Alden Skar is Chief Actuary and Senior Vice president for RGA’s U.S. Group Reinsurance Division. In our interview, he talks about his career starting as a student and leading to an actuarial executive – including tips for anyone with similar ambitions
Written on 07/29/21

What is your position at RGA? 

I am Chief Actuary and Senior Vice President for RGA’s U.S. Group Reinsurance Division.

What is your professional background? How did you come to this position?

My background is diverse – with past roles in pricing, valuation, numerous products, direct insurance, consulting, and now reinsurance. That diverse background has given me unique perspectives for problem solving. I would likewise advise other actuaries to embrace opportunities to work in a variety of roles.

What are the main tasks you do in your daily work?

I oversee pricing and product development functions for my division.
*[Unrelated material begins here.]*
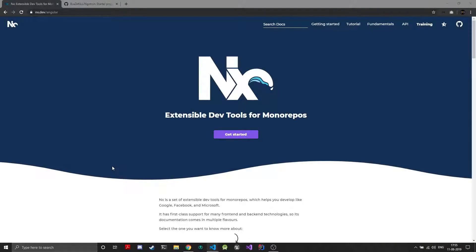Welcome to Blazing Gamer and in this video I will be going over NX and how I created a starter project for Angular, Electron and NX.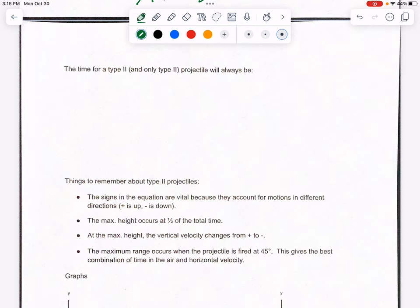This covers pages 15 through 17 of the projectiles packet, starting on page 15. The time formula for a type 2 projectile — and only type 2 — is key here. Please don't mix this up with type 1, which was the rolling off a cliff or building scenario. We cannot use this formula for type 1.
I am also responsible for developing management reporting tools to provide deeper insight into what is working well in our portfolio, and what might need more attention. I also have a role in risk management for our division.

What makes an actuary’s job exciting? What makes your job special?

The skills that come naturally to most actuaries are the technical skills – applying mathematics, statistics, and technology. Since actuaries use exactly those skills, that was very appealing to me when I was considering career options. However, the skills that distinguish actuarial leaders are the softer skills – people skills, effective writing, thoughtful presentations. The most fulfilling projects I work on are those where I “marry up” the two – for example, applying technical skills to develop a persuasive presentation for a client, while keeping mindful of the background of the audience.

What tips do you have for graduates on their way into professional life?

I made the mistake of focusing too much on my coursework, and not enough on planning my first job after graduation. I was extremely fortunate that I had terrific professors who had my back, steering me toward an actuarial career despite my lack of preparation. My advice would be to carve out time during years 1 and 2 of college to develop a plan for your first job, whatever career you consider.

What are your favorite things to do outside of your day-to-day career? 

Sports, sports, sports. When I was in school I played every sport I could. When my kids were in school, I coached every sport they played. Now I ski and run to keep active. Oh, and during the past COVID year, I played my guitar more than ever before.